More on Mistranslations of the Bible (continued)

Note: The first part of this (More on Mistranslations of the Bible) was published in this blog on 11 May 2019.

Now, do we really care if the biblical David was either gay or bi? Some may, but I certainly don't. What I do care about is the absence of a single translation into English that gives us the correct, literal meaning of the Hebrew words, So far I've checked the KJV, NASB,RSV, NIV, NWT, and JB (Koren Publishers 1997), as well as the Latin of St. Jerome's Vulgate.

What we have, instead, are all sorts of fanciful renderings, such as "until David exceeded," "but David wept more," "until he exerted himself," "but David did it the most," "until he recovered himself," "until David regained control of himself."

These little tap dances around the Hebrew words are all intended to avoid one central fact: the biblical David, King David, the slayer of Goliath and the hero of Israel, also supposedly a royal ancestor of Jesus, was either gay or bi. He clearly had a homosexual relationship with Jonathan, which Jonathan's father, King Saul, condemned in the strongest terms and which became the motive for Saul's attempts to kill David.

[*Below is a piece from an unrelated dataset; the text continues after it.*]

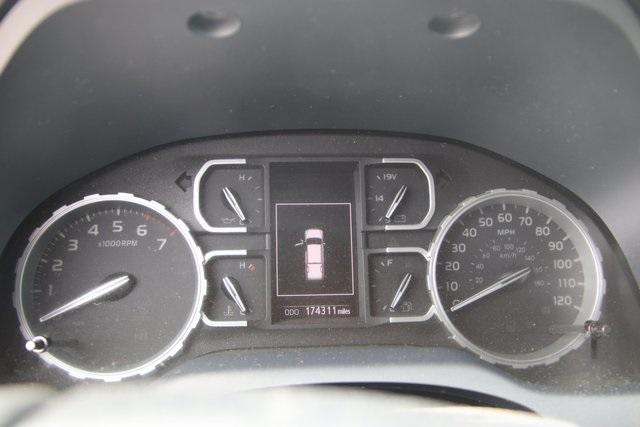 used 2020 Toyota Tundra car, priced at $23,900
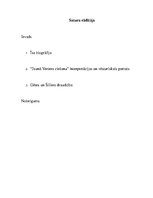 Referāts 'Ideju vēsture - Johans Volfgangs fon Gēte', 2.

What is important, though, is not that David, to whom some of the world's oldest and best poetry is attributed, was gay. What is important is that I have not been able to find a single version of the Bible that translates 1 Samuel 20.41 correctly and literally.

I don't claim to be a great Hebraist. If I know what those Biblical Hebrew words mean, then others do, too. But they are maintaining a silence that has now lasted almost two thousand years. This is something that we need to think about.